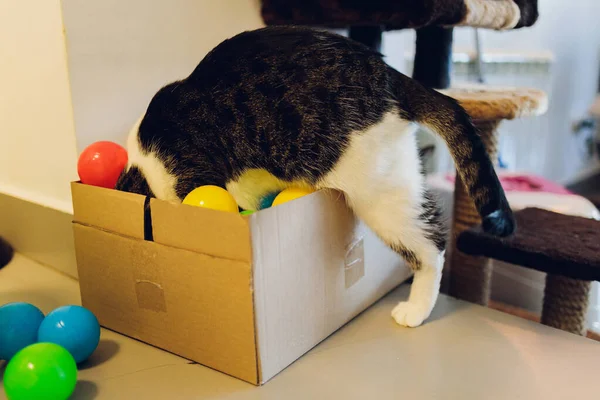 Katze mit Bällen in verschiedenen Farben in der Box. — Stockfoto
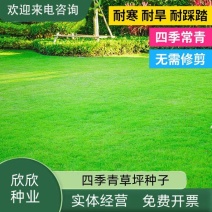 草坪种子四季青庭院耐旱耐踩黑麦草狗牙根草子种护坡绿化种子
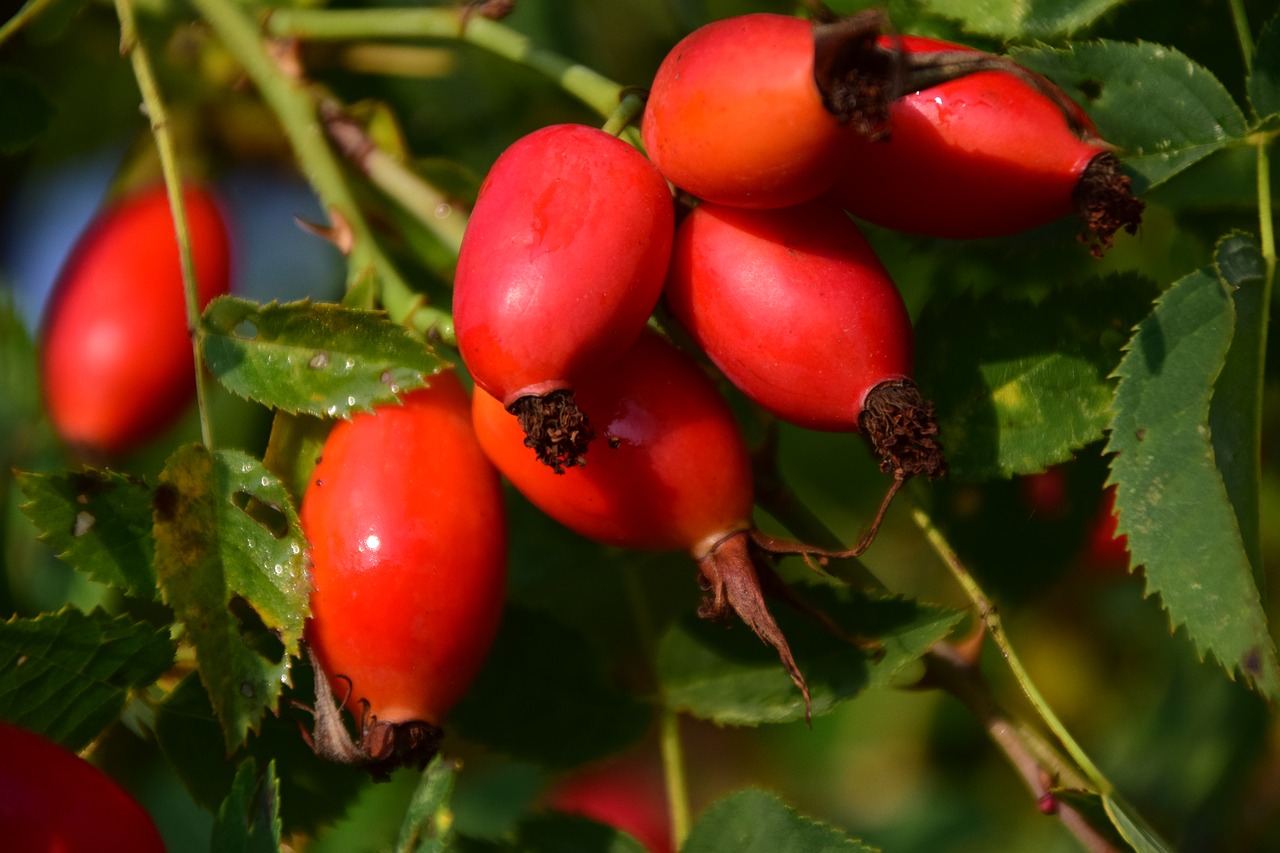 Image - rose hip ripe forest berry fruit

....

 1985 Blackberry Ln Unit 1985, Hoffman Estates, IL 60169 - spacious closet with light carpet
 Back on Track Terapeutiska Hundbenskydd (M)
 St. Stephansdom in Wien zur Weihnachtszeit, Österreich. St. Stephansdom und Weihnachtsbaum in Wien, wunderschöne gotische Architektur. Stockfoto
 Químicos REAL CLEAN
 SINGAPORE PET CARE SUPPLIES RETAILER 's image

....

Exercise brief: An exact copy of the lines above between the line holding "Back on Track Terapeutiska Hundbenskydd (M)" and the line holding "SINGAPORE PET CARE", inclusive, is the whole answer.

Your solution:
 Back on Track Terapeutiska Hundbenskydd (M)
 St. Stephansdom in Wien zur Weihnachtszeit, Österreich. St. Stephansdom und Weihnachtsbaum in Wien, wunderschöne gotische Architektur. Stockfoto
 Químicos REAL CLEAN
 SINGAPORE PET CARE SUPPLIES RETAILER 's image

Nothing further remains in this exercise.